● **About this task**
Nothing but the lines from the one with "A person wearing" through the end of the records may appear in the answer, each reproduced exactly, pictures omitted.

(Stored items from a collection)
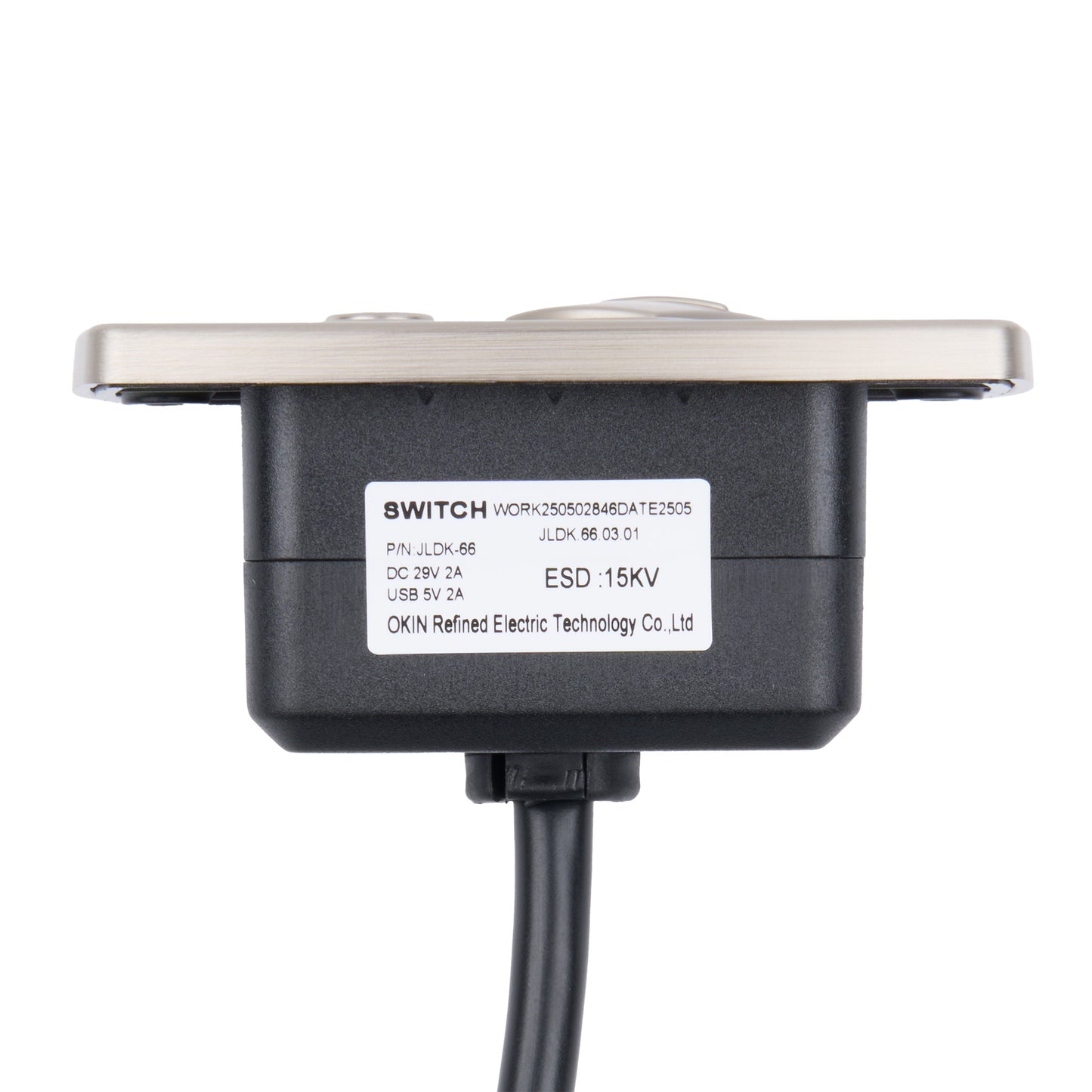 A black electronic switch module with a silver metal mounting plate and a black cable, featuring a white label with product specifications.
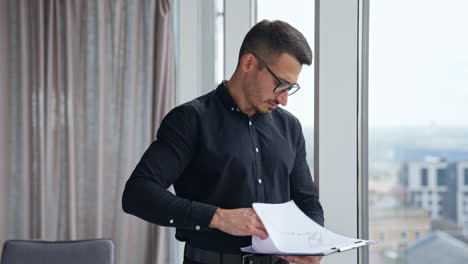 worried man turning pages of report. man in black clothes looks through the papers with charts with concerned expression on his face.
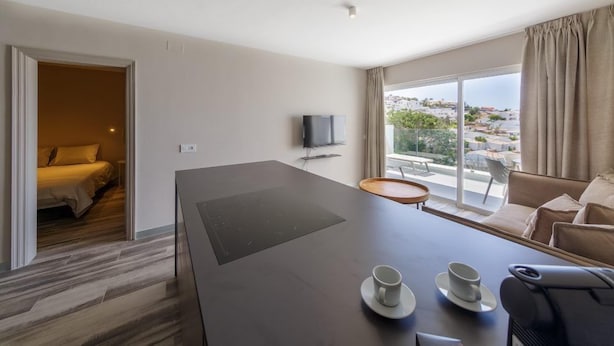 A hotel room with a bed, a TV, a desk with two cups, a chair, and a view of the city. - Costa Adeje Garden (Adeje)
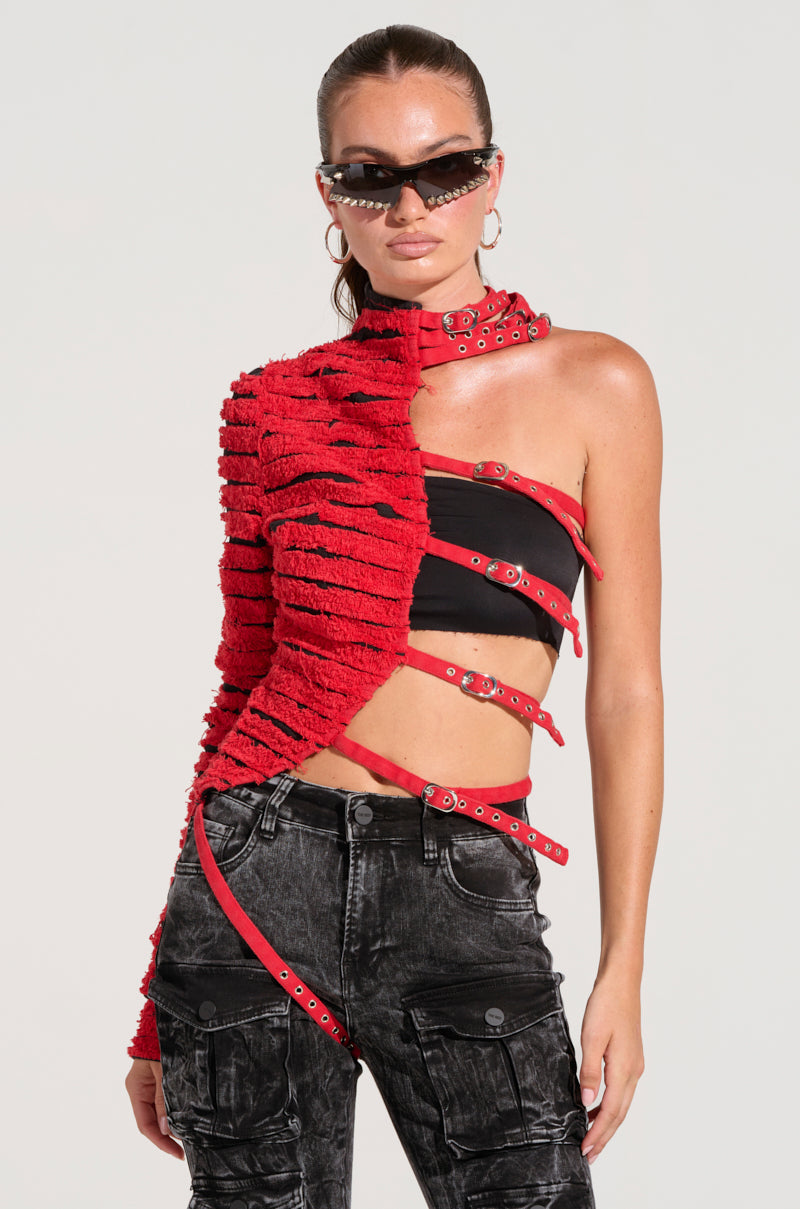 A person wearing the PRETTY RECKLESS DISTRESSED DENIM HALF THERE TOP, known for its distinctive red texture and single sleeve design adorned with multiple buckle straps, paired with stylish black cargo pants. They have their long hair tied back, accessorized with chic black sunglasses and hoop earrings, while posing against a plain background in a striking color block style.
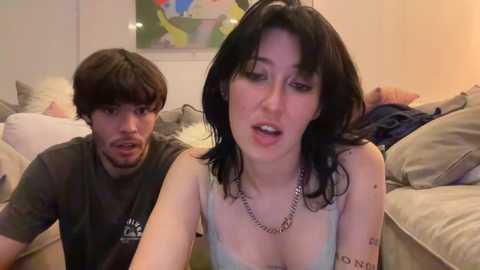 Media: A video shows a young, pale-skinned woman with dark hair and tattoos, wearing a tank top, sitting on a couch. A man with messy hair, in a T-shirt, looks at her. Background includes a colorful abstract painting and pillows.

● **Answer to this task**
 A person wearing the PRETTY RECKLESS DISTRESSED DENIM HALF THERE TOP, known for its distinctive red texture and single sleeve design adorned with multiple buckle straps, paired with stylish black cargo pants. They have their long hair tied back, accessorized with chic black sunglasses and hoop earrings, while posing against a plain background in a striking color block style.
 Media: A video shows a young, pale-skinned woman with dark hair and tattoos, wearing a tank top, sitting on a couch. A man with messy hair, in a T-shirt, looks at her. Background includes a colorful abstract painting and pillows.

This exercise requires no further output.